With its base in the Nehorais’ home, Hevria somewhat resembles the Chabad House model originated by the Lubavitcher Rebbe, whose home, now the Chabad movement’s headquarters, is located just a few blocks away. For years, Crown Heights, the long-time stronghold of the Lubavitch community, has been seeing an explosion of Jewish diversity. New synagogues, ranging from egalitarian to liberal Lubavitch, have been popping up between hipster coffee shops and bars.

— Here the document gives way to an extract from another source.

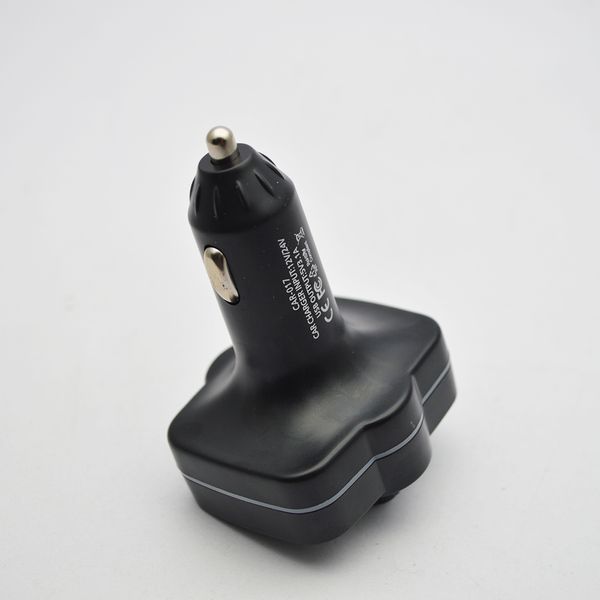 FM модулятор ANSTY CAR-017 Bluetooth (2 USB / 1 Type-C PD) с LED display Black 68965 фото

Though deeply connected with the Orthodox world and based in Crown Heights, the Hevria community operates on its fringes. The creative farbrengen, a riff on the chasidic ritual, is familiar to many Hevrians, most of whom are Orthodox or have some affiliation with Orthodoxy. But less familiar to many in the Orthodox community are the artistic values promoted by Hevria.

According to Roth, when the site was first started, readers would often react to the pieces on Hevria with disbelief. “People would say, I can’t believe an Orthodox person is doing this,” said Roth, who also came to Orthodoxy as an adult.

“We had this dream of becoming creative shluchim,” said Nehorai, using the term for the emissaries Chabad sends around the world. “But when we first came to Crown Heights, we had a lot of difficulty in figuring out how to do that. It became very clear to us that we needed to create a culture around this idea.”

That contrarian attitude has attracted many of those who have not felt fully at home in the Orthodox world, including women, those who identify as queer and those who have left Orthodoxy. Nehorai himself became Orthodox as an adult and has since made a name for himself as an internal critic of some of Orthodoxy’s more conservative tendencies. He is also a leader of Torah Trumps Hate, a progressive activist group for Orthodox Jews.

Laura Melnicoff, a cellist who became Orthodox as an adult, said the Hevria community supports her career and interests in a way the rest of the Orthodox world often does not understand. “Having a community of people who were trying to find their way both in needing to express themselves artistically and spiritually, I hadn’t yet found that until Hevria came along,” said Melnicoff, who lives in Crown Heights. “I know that what I’m doing is right, but a lot of what I do is not understood or relatable to the Crown Heights community.”

Melnicoff, who serves as the director of women’s programming for Hevria, organizes specific creative farbrengens for women and has organized one for queer Jews as well. A farbrengen for those who have left Orthodox communities is currently in the works.

“We’re dealing with people who are unaffiliated or who haven’t found their spot in Judaism,” said Roth. “These people already have a strong sense of Jewish identity; they just don’t have a community that supports them in their own Jewish identity.”

Can Hevria be that community? Nehorai hopes so.

“I think at the beginning, we saw ourselves as outsiders with a dream,” said Nehorai. “We’ve gone from being a dream to being a true alternative community in the Jewish world.”